If I was one of those people who clung desperately to generic labels, we would now be having a discussion about where prog-rock ends and post-metal starts. Thankful those days are long gone and the discerning listener doesn’t concern themself with such nonsense, preferring to just let the music do the talking.
And talk it does, in many tones and voices, sometimes serenading and seducing, occasionally hard-edged and heavy, both understated and ornate, balancing groove and grace, technicality and simplicity. It’s an album that covers a lot of ground.
There are many reasons to commend Far From Your Sun for what they have built here, not least their ability to weave intricate instrumentation into sonic sculptures, where many similarly armed bands working in the same musical territory opt instead to just throw everything they have at the listener; as if the musical impact has anything to do with volume.
Under The Hands of Time is a song that seems to slither into view before creating swirling and wonderfully off-kilter grooves and adding weight and intensity rather than speed. Life is a deft and delicate piece, employing chiming guitars and sweeping strings, pulsing bases and almost folk style vocals, a song that seems to be building tension as it moves slowly towards an expected release of energy and dramatic crescendo.
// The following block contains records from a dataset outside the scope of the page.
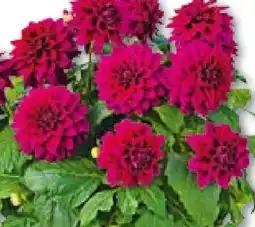 Hellweg Dahlie Angebot
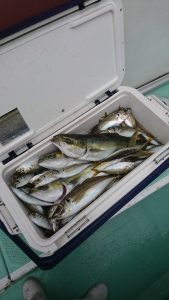 KONAYAーMARU(こなや丸) 釣果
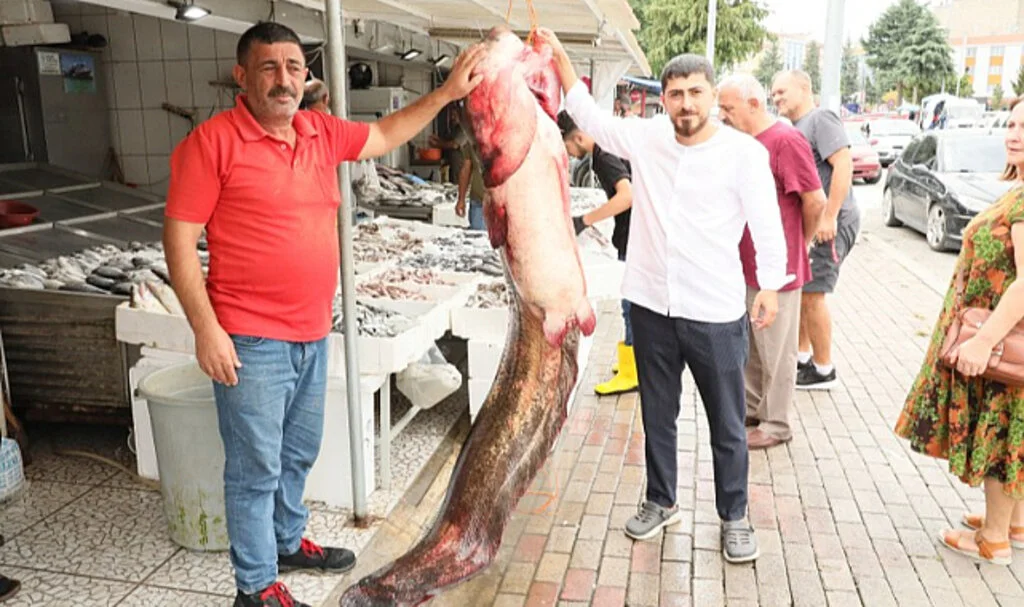 Samsun'da baraj gölünden 94 kiloluk yayın balığı çıktı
The fact that the release never comes makes the song all the more potent and shows that the band are more than happy to subvert the expectations of the average hard rock disciple.
It is a gorgeous album, one which certainly sits in the rock, prog and metal camps, to some degree, but its attention to melody, tone and texture, to understatement, to the fact that space and restraint balance the heavier passages and more technical playing, to delicacy as well as drive, means that it stands way above most music being made in those same, often well-trodden, realms.